Le cavalier qui se plaçait à la tête de la colonne s'efforçait de surpasser son prédécesseur en pertise, par des combinaisons inusitées, par les circuits qu'il faisait décrire, lesquels, bornés à une seule salle, pouvaient encore se faire remarquer en dessinant de gracieuses arabesques et même des chiffres! Il décelait son art et ses droits au rôle qu'il avait pris en les imaginant serrés, compliqués, inextricables, en les décrivant néanmoins avec tant de justesse et de sûreté que le ruban animé, contourné en tous sens, ne se déchirait jamais en se croisant; que nulle confusion, nul heurtement n'en résultaient. Quant aux femmes et à ceux qui n'avaient qu'à continuer l'impulsion déjà donnée, il ne leur était cependant point permis de se traîner indolemment sur le parquet. La démarche devait être rhythmée, cadencée, ondulée; elle devait imprimer au corps entier un balancement harmonieux. On n'avait garde d'avancer avec hâte, de se déplacer précipitamment, de paraître mû par une nécessité. On glissait comme les cygnes descendent les fleuves, comme si des vagues inaperçues soulevaient et abaissaient les tailles flexibles!

L'homme offrait à sa dame tantôt une main, tantôt l'autre, effleurant parfois à peine le bord de ses doigts, parfois les serrant tous dans sa paume: il passait à sa gauche ou à sa droite sans la quitter et ces mouvements, imités par chaque paire, parcouraient comme un frisson toute l'étendue de la gigantesque couleuvre. Pendant cette courte minute on entendait les conversations cesser, les talons de bottes se heurter pour marquer la mesure, la crépitation de la soie s'accentuer, les colliers résonner comme des clochettes minuscules légèrement touchées. Puis, toutes les sonorités interrompues reprenaient leur cours; les pas légers et les pas lourds recommençaient, les bracelets heurtaient les bagues, les éventails frôlaient les fleurs, les voix, les rires reprenaient et, la musique engloutissait tous les chuchottements dans ses retentissements. Quoique préoccupé, absorbé en apparence par ces multiples manœuvres qu'il lui fallait inventer ou reproduire fidèlement, le cavalier trouvait encore le temps de se pencher vers sa dame et, profitant de quelque instant favorable, lui glisser à l'oreille, de doux propos si elle était jeune, des confidences, des sollicitations, des nouvelles intéressantes, si elle ne l'était plus. Après quoi, se relevant fièrement, il faisait sonner l'or de ses éperons, l'acier de ses armes, caressait sa moustache, et donnait à tous ses gestes une expression qui obligeait la femme à y répondre par une contenance compréhensive et intelligente.

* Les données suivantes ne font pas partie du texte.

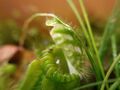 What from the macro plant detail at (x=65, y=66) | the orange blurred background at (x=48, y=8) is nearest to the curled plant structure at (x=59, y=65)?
the macro plant detail at (x=65, y=66)

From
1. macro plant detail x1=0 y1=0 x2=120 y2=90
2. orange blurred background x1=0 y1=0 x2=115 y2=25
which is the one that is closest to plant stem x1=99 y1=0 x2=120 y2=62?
macro plant detail x1=0 y1=0 x2=120 y2=90

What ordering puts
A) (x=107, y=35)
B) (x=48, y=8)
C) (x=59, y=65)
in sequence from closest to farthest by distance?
(x=59, y=65) → (x=107, y=35) → (x=48, y=8)

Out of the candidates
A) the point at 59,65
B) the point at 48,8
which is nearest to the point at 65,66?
the point at 59,65

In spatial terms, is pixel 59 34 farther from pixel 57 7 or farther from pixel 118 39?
pixel 57 7

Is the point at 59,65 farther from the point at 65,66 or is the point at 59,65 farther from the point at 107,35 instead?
the point at 107,35

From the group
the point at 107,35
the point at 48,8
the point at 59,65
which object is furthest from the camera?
the point at 48,8

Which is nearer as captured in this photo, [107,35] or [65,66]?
[65,66]

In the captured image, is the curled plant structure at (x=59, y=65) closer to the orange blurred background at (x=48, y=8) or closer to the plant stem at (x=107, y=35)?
the plant stem at (x=107, y=35)

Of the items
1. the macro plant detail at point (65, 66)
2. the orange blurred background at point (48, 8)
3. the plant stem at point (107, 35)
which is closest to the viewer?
the macro plant detail at point (65, 66)

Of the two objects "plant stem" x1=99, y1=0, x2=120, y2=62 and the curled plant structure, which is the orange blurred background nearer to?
"plant stem" x1=99, y1=0, x2=120, y2=62

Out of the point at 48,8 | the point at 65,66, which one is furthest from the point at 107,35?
the point at 48,8

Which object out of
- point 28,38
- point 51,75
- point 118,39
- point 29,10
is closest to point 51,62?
point 51,75

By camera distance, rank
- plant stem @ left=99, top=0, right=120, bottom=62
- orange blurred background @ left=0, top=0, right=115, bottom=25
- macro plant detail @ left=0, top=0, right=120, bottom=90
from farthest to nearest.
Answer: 1. orange blurred background @ left=0, top=0, right=115, bottom=25
2. plant stem @ left=99, top=0, right=120, bottom=62
3. macro plant detail @ left=0, top=0, right=120, bottom=90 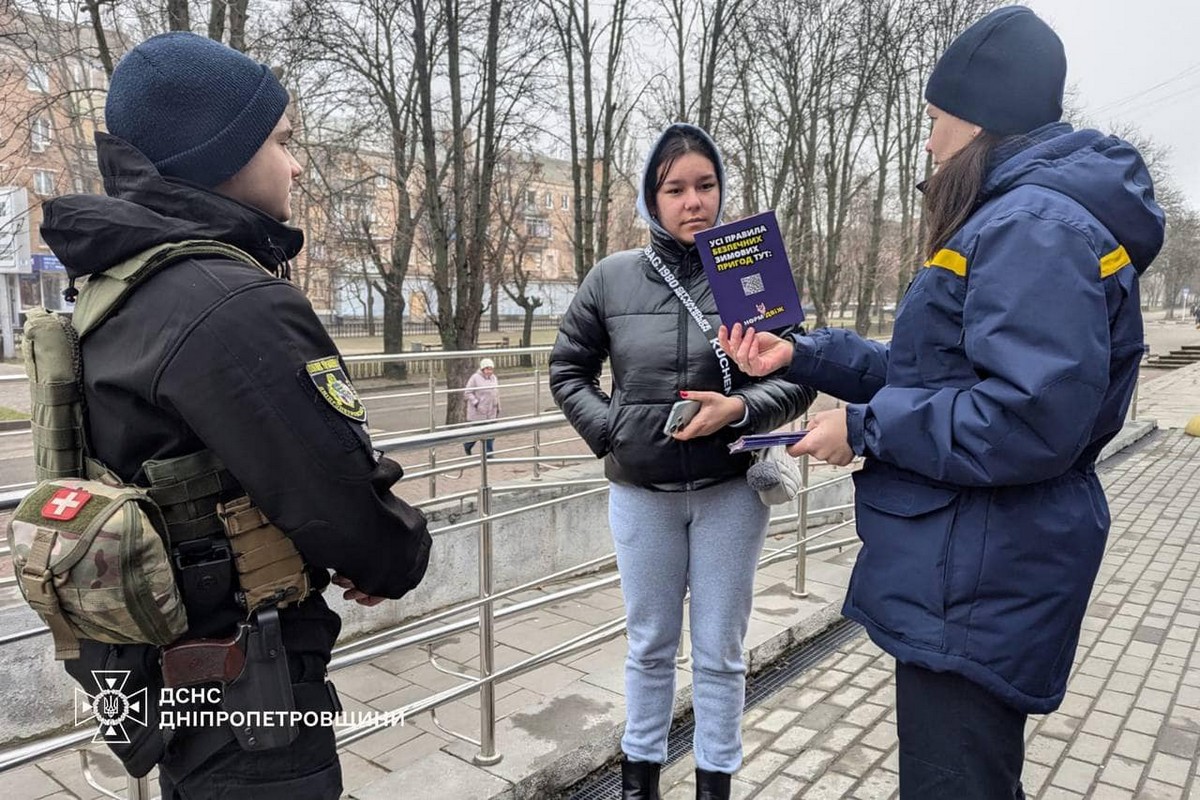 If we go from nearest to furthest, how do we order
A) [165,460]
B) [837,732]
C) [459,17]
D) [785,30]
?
[165,460] → [837,732] → [459,17] → [785,30]

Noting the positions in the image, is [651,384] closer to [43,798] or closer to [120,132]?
[120,132]

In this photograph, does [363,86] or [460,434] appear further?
[363,86]

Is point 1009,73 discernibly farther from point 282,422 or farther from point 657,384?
point 282,422

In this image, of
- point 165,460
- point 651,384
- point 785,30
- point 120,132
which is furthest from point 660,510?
point 785,30

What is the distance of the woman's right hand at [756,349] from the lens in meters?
1.95

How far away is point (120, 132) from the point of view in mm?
1368

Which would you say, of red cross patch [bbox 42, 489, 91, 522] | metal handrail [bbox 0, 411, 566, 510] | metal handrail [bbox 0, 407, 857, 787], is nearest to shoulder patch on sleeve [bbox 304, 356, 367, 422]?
red cross patch [bbox 42, 489, 91, 522]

Ainsi, ce n'était point une promenade banale et dénuée de sens qu'on accomplissait; c'était un défilé où, si nous osions dire, la société entière faisait la roue et se délectait dans sa propre admiration, en se voyant si belle, si noble, si fastueuse et si courtoise. C'était une constante mise en scène de son lustre, de ses renommées, de ses gloires. Là, les évêques, les hauts prélats et gens d'église4, les hommes blanchis dans les camps ou les joutes de l'éloquence, les capitaines qui avaient plus souvent porté la cuirasse que les vêtements de paix, les grands dignitaires de l'État, les vieux sénateurs, les palatins belliqueux, les castellans ambitieux, étaient les danseurs attendus, désirés, disputés par les plus jeunes, les plus brillantes, les moins graves, dans ces choix éphémères où l'honneur et les honneurs égalisaient les années et pouvaient donner l'avantage sur l'amour lui-même. En nous entendant raconter par ceux qui n'avaient point voulu quitter le zupan et le kontusz antiques, dont la chevelure était rasée aux tempes comme celle de leurs ancêtres, les évolutions oubliées et les à-propos disparus de cette danse majestueuse, nous avons compris à quel point cette nation si fière d'elle-même avait l'instinct inné de la représentation, à quel point elle s'en faisait besoin et combien, par le génie de la grâce que la nature lui a départi, elle poétisait ce goût ostentatoire en y mêlant le reflet des nobles sentiments et le charme des fines intentions.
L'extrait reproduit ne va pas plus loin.